While one could argue that the char and gas produced and consumed within the shale conversion process has zero opportunity cost—i.e., that energy would not, or could not, be used somewhere else in the economy, so it should not be treated as a “cost”—the authors note, “the internal energy is absolutely necessary to accurately assess greenhouse gas emissions”.
“Oil shale” is shale containing kerogen, a combination of chemical compounds that can be converted into synthetic petroleum. The two main processing options for oil shale are surface retorting and in situ extraction. In surface retorting, the shale is mined and brought to the surface, with the material then heated in a retort to extract the compounds that are processed into synthetic crude oil. In situ methods heat the material underground and pump liquids to the surface, where they then undergo further processing.
|A comparison of estimates of the energy return on investment (EROI) for refined fuel produced from conventional crude oil and from oil shale. Click to enlarge.|
The authors of the report “An Assessment of the Energy Return on Investment (EROI) of Oil Shale,” Dr. Cutler Cleveland and Peter O’Connor at Boston University, reviewed the existing literature on the energy return on investment (EROI) for oil shale to reach their conclusions.
This [result] places the EROI for oil shale considerably below the EROI of about 20:1 for conventional crude oil at the wellhead.
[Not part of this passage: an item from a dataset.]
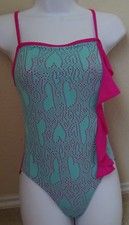 O'RAGEOUS pink vertical ruffle side green heart mesh 1 pc swimsuit,girl 5,8,12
This conclusion holds for both the crude product and refined fuel stages of processing. Even in its depleted state—smaller and deeper fields, depleted natural drive mechanisms, etc.—conventional crude oil generates a significantly larger energy surplus than oil shale. This is not a surprising result considering the natural resource exploited in each process. The kerogen in oil shale is solid organic material that has not been subject to the temperature, pressure, and other geologic conditions required to convert it to liquid form. In effect, humans must supply the additional energy required to “upgrade” the oil shale resource to the functional equivalent of conventional crude oil. The extra effort carries a large energy penalty, producing a much lower EROI for oil shale.
—Cleveland and O’Connor
The authors noted that firm conclusions regarding the EROI of oil shale are difficult to establish for a variety of reasons:
- There are very few reliable studies of current oil shale operations;
- Many studies use a poor or undocumented methodology, and report what could be best described as “ballpark” estimates;
- Some studies exclude important categories of energy inputs that generate inflated estimates of the EROI for oil shale (i.e., the system boundary problem); and
- The very small number of operating facilities that can be assessed result in a lack of large “sample size” of operations from which to draw robust conclusions.
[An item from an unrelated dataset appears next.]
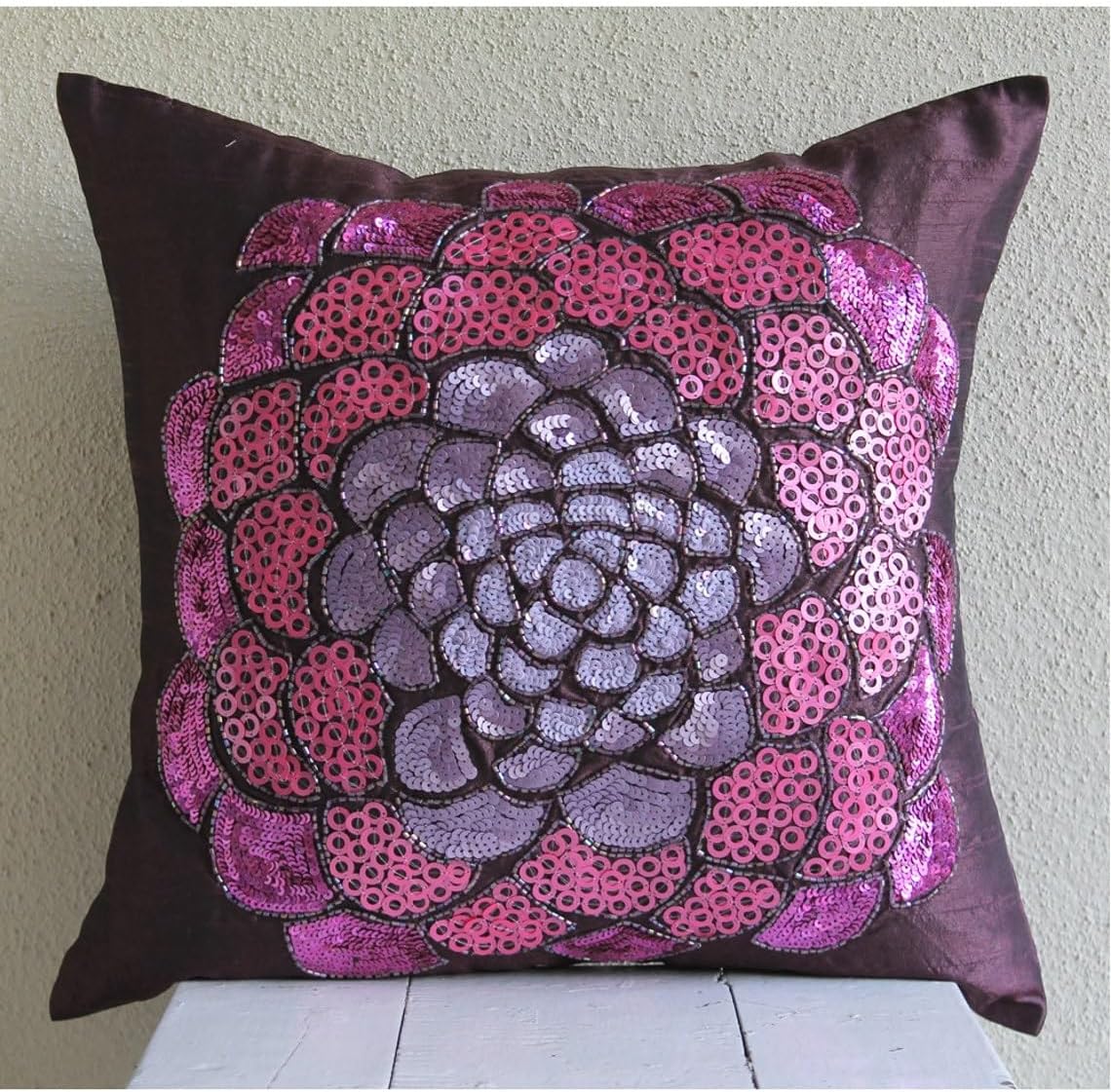 The HomeCentric Throw Pillow Covers, Purple Pillow Cases, Sequins & Beaded Flower Medallion Pillows Cover, Pillow Covers 14x14 inch (35x35 cm) Square Silk Pillows Cover, Floral - Pink Wildflower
The low EROI for oil shale is closely connected to a significant release of greenhouse gases, the authors note, due to the large quantities of energy needed to process oil shale, combined with the thermochemistry of the retorting process.
Oil shale unambiguously emits more greenhouse gases than conventional liquid fuels from crude oil feedstocks by a factor of 1.2 to 1.75.
—Cleveland and O’Connor
Also, between 1 and 3 barrels of water are required for every barrel of oil produced in an oil shale operation.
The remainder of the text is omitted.